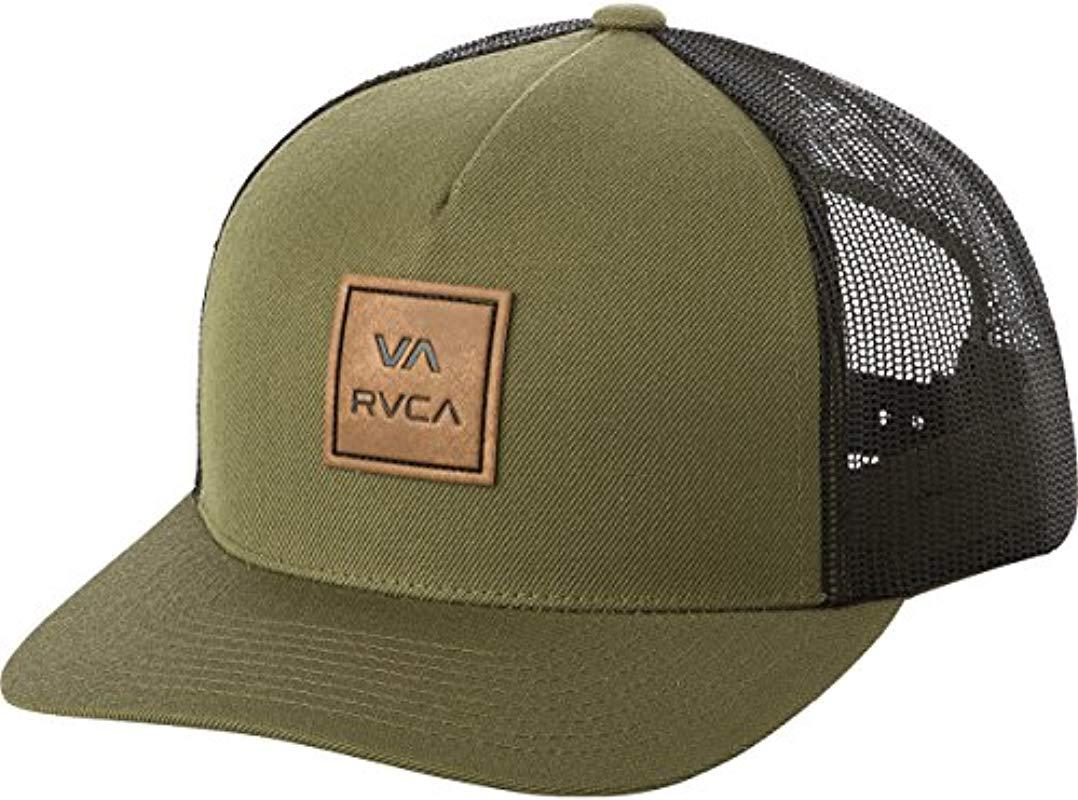 va all the way curved brim trucker hat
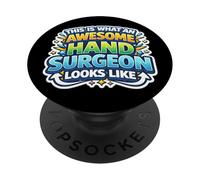 This is What An Awesome Hand Surgeon Looks Like Funny Doctor PopSockets Adhesive PopGrip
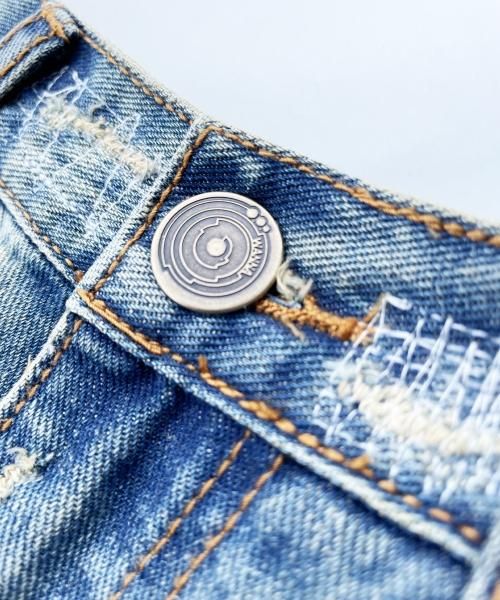 WANNA L.F.S.E 55 Distressed JEANS INDIGO - BILILI WANNA L.F.S.E 55 Distressed JEANS INDIGO - BILILI
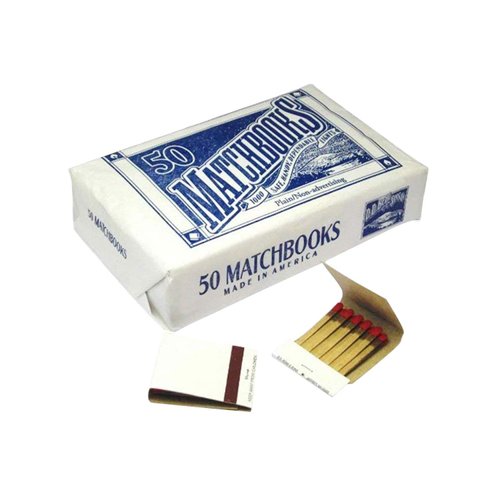 Party Favors Plus 2 Boxes of 50 Plain White Matches 20 Strike Matchbooks Wedding, Birthday Etc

****

**TASK DETAILS:**
Only the pictures are dropped when you print the material; everything else is copied exactly.

**RESULT BELOW:**
 va all the way curved brim trucker hat
 This is What An Awesome Hand Surgeon Looks Like Funny Doctor PopSockets Adhesive PopGrip
 WANNA L.F.S.E 55 Distressed JEANS INDIGO - BILILI WANNA L.F.S.E 55 Distressed JEANS INDIGO - BILILI
 Party Favors Plus 2 Boxes of 50 Plain White Matches 20 Strike Matchbooks Wedding, Birthday Etc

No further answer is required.